Dreieinhalb Stunden und 85 Dollar pro Kopf hat uns der Übertritt gekostet. Wären wir bei Straßengebühr und Gepäckkontrolle nicht so kritisch gewesen wäre es deutlich schneller gegangen. Ich versuche das alles für die iOverlander App zusammenzufassen. Für unsere nachfolgenden Reisenden, über diese Grenze hat in diesem Forum noch nie wer geschrieben.
Es sind nur 90 km bis Lubumbashi. Wir haben einen leichten Zeitdruck, heute ist das erste Deutschlandspiel. Die Dörfer sind einfach und arm. Es winkt niemand, es starrt aber auch niemand oder wirkt abweisend, wir werden auf angenehme Art ignoriert.
Wir erreichen die Stadt. Mit etwas Suchen kommen wir am Alliance Guesthouse an. Man hat nicht mit uns gerechnet. Mal wieder. Das Guesthouse macht einen sehr netten Eindruck. Die für uns Zuständige spricht sehr gutes Englisch, sie hat in Südafrika studiert. Sie sitzt im Hof und lässt sich von einer Freundin Extensions einflechten.
Wir haben sogar eine Bestätigung vom Chef per WhatsApp, aber leider, trotzdem sind alle Zimmer belegt.
Sie wird eine Lösung finden. Und gerade ist Anpfiff. Wir sitzen im Gang des Hotels und schauen Fußball. Eines der schlechtesten Spiele der deutschen Mannschaft seit langem.
Zur Halbzeit gibt es eine Lösung. Wir sollen ihr auf einem Moped nach fahren, sie bringt uns zu einem andern Hotel. Immerhin, die Extensions bedecken schon den halben Kopf.
Es wird dunkel, mit Müh und Not können wir dem Moped im Verkehr folgen. Einmal verlieren wir sie aber sie finden uns wieder.
So kommen wir zum Prince Kitungwa Hotel. Die Preisverhandlungen gestalten sich etwas zäh. Anfangs möchte man das Doppelte von dem was wir ursprünglich gebucht hatten. Wir einigen uns, bedanken uns bei unserer Führerin und sehen die letzten Minuten des unglaublich schlechten Spiels gegen Mexiko. Verdient verliert Deutschland.
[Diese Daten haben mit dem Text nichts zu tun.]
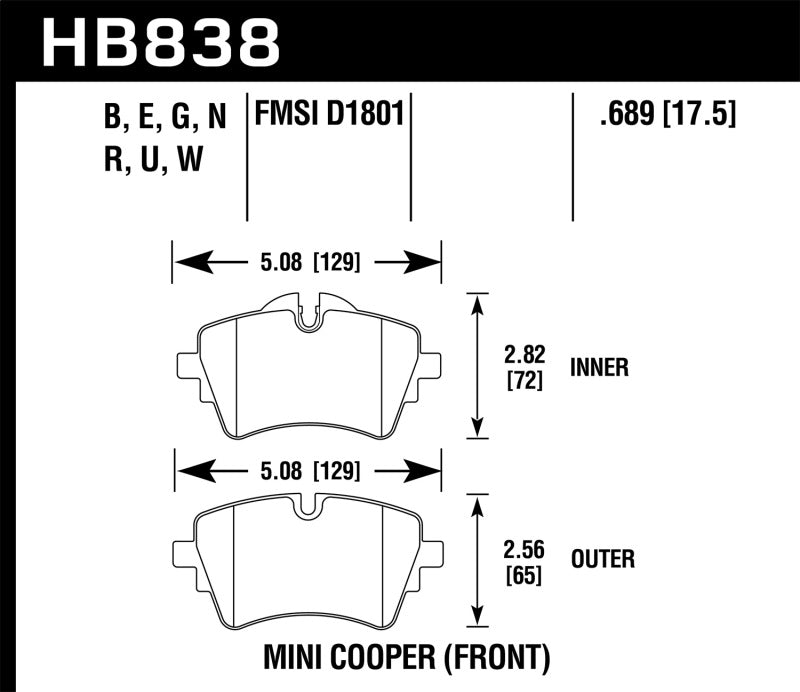 Hawk 14-17 Mini Cooper S HPS 5.0 Front Brake Pads Brake Pads - Performance Hawk Performance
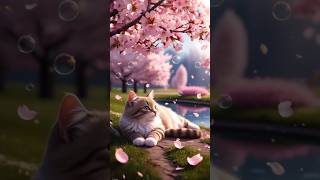 Cherry Blossom Park Cat in flowers 🌺 [upl. by Kerr]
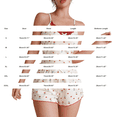 thumbnail image 4 of Gkeoshab Pajamas for Women Set Women Cute Cherry Print Deep V Lace Trim Spaghetti Strap Pajama Set Slim Fit Soft Comfy Casual Loungewear Sleepwear Top Shorts Suit White, 4 of 6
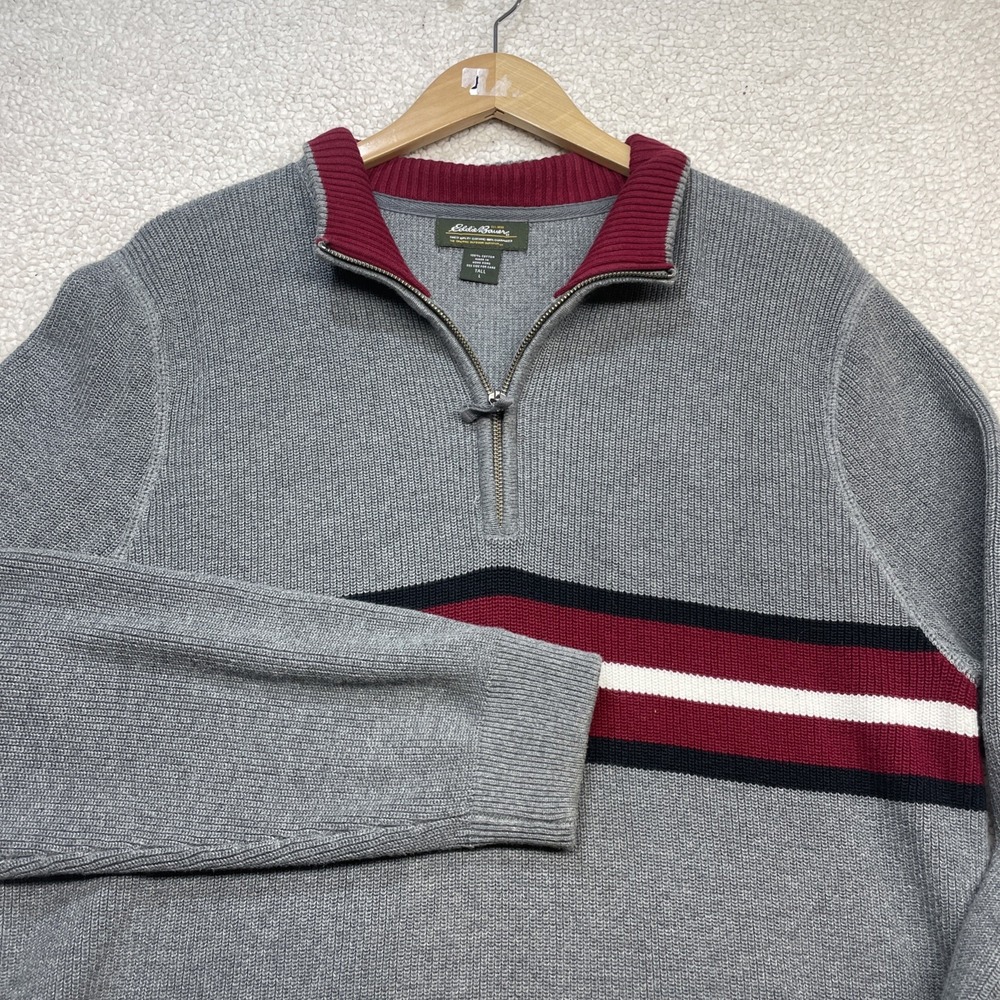 EDDIE BAUER SWEATER PULLOVER 1/4 ZIP HENLEY GRAY RED WHITE COTTON LT‎ L TALL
Eine schnelle, kalte Dusche und man besorgt uns was zu Essen. Das Essen ist so "gut" und teuer, dass wir uns entscheiden morgen wo anders zu essen. Zweimal Hühnchen mit Reis und einmal Pondu. Eine absolute Kongolesische Spezialität, gehackte Maniokblätter in Palmöl geschmort, bei aller Spezialität etwas speziell. Aber es gibt das sehr gute lokale Simba Bier in riesigen Flaschen dazu.
Der Besitzer des Hotels taut auch etwas auf und wir machen Fotos miteinander.
Wir sitzen auf der Terrasse des Hotels zur Straße hin. Die ist von einem großen Gitter umgeben und schaut wirklich wie ein Zookäfig aus.
Der Tag klingt mit dem nächsten Straucheln eines Weltmeisters aus, Brasilien gegen die Schweiz.